Segment Start: MATERIAL PROVIDED

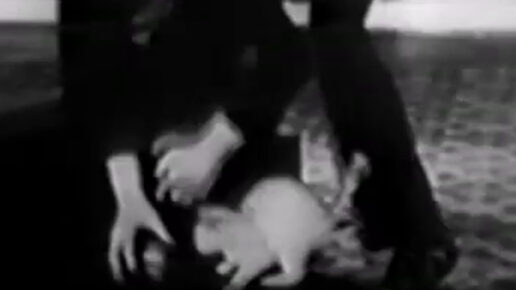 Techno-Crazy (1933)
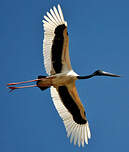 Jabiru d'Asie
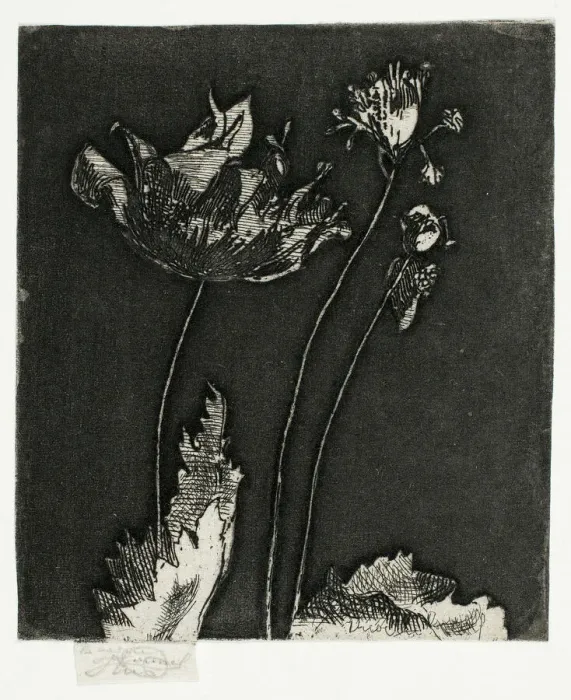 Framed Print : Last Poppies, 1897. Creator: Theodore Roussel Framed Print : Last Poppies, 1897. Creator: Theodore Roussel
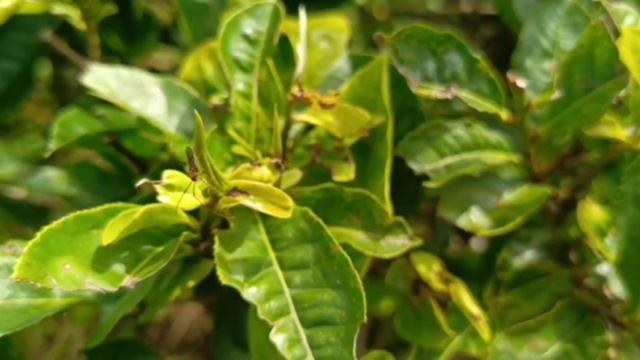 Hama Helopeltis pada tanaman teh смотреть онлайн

Segment End: MATERIAL PROVIDED

▶ [REQUIREMENT] All that is needed is the span from the line with "Jabiru d'Asie" through the last line of the material above, reproduced exactly and free of pictures.

▶ [EXPECTED OUTPUT]
 Jabiru d'Asie
 Framed Print : Last Poppies, 1897. Creator: Theodore Roussel Framed Print : Last Poppies, 1897. Creator: Theodore Roussel
 Hama Helopeltis pada tanaman teh смотреть онлайн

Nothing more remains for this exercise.